= Each-way =

Type of wager offered by bookmakers

An each-way bet is a wager offered by bookmakers consisting of two separate bets: a win bet and a place bet. For the win part of the bet to give a return, the selection must win, or finish first, in the event. For the place part of the bet to give a return, the selection must either win or finish in one of the predetermined places for the event, such as first place or second place. The odds paid on the place part of the bet are usually a fraction (commonly 1/2, 1/3, 1/4 or 1/5) of the win odds. The trade-off being that one has a greater chance of making one's bet in trade for getting less payoff for doing so. Examples are domestic football knockout competitions (e.g. FA Cup) where the quoted place terms may be 1/2.

In horse racing in the United Kingdom, the "place" is set strictly by the Jockey Club and will depend on the size of the field (that is, how many horses are running) so that the "place" may be just 1st and 2nd, 1st 2nd and 3rd, or even 1st 2nd 3rd or 4th on a big race like the Grand National, and may pay 1/4 or 1/5 the odds.

== Staking ==
Because an each-way wager comprises two bets, the total staked is twice the unit stake. For example, a £5 each-way single would cost £10, as would a £5 each-way treble comprising as it does a £5 win treble and a £5 place treble.

==Settling the bets==
Calculation of returns uses either decimal odds or (fractional odds + 1).

===Example 1===
£50 each-way on a football team 'to win the cup' at 15-2 and 1/3 the odds a place 1 or 2 would cost £100.
- Returns for the win part of the bet would be (£50 × 7.5) + stake = £425
- Returns for the place part of the bet would be (£50 × 2.5) + stake = £175
- If the team 'won the cup' the total returns would be £425 + £175 = £600 and if the team was beaten in the final the returns would be £175. If the team did not reach the final the entire wager would be lost.

===Example 2===
A £10 each-way single on a 10-1 selection in a horse race and paying 1/4 the odds a place 1, 2, or 3 would cost £20.
- Returns on the win part of the bet would be £10 × (10/1 × 1) + stake = £110 (£100 winnings + £10 stake)

- Returns on the place part of the bet would be £10 × (10/4 × 1) + stake = £35 (£25 winnings + £10 stake)

- Total returns would be £110 + £35 = £145 if the horse won the race, but just £35 if the horse only finished second or third.

===Example 3===
A £5 each-way single on a 10-1 selection in golf and paying 1/5 the odds a place 1, 2, 3, or 4 would cost £10.
- Returns on the win part of the bet would be £5 × (10/1 × 1) + stake = £55 (£50 winnings + £5 stake)

- Returns on the place part of the bet would be £5 × (10/5 × 1) + stake = £15 (£10 winnings + £5 stake)

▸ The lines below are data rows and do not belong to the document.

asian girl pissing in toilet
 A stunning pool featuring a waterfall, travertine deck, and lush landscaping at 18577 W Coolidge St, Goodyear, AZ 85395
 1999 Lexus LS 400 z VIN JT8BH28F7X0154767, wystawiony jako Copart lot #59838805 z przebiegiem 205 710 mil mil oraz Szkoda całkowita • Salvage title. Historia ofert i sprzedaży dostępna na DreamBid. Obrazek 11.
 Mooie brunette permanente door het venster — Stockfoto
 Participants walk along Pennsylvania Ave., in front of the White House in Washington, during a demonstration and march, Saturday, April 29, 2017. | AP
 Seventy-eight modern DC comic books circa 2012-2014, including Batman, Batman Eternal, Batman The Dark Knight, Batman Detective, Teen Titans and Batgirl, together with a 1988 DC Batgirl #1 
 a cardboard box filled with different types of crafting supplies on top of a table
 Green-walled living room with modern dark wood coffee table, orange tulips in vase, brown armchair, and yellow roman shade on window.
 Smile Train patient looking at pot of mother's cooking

- Total returns would be £55 + £15 = £70 if the golfer won the event, but just £15 if the player only finished second, third, or fourth.

== Horse racing place terms ==
The number horses and the type of race generally determines the number of places paid out and the fraction of the win odds used for settling the place part of an each way bet.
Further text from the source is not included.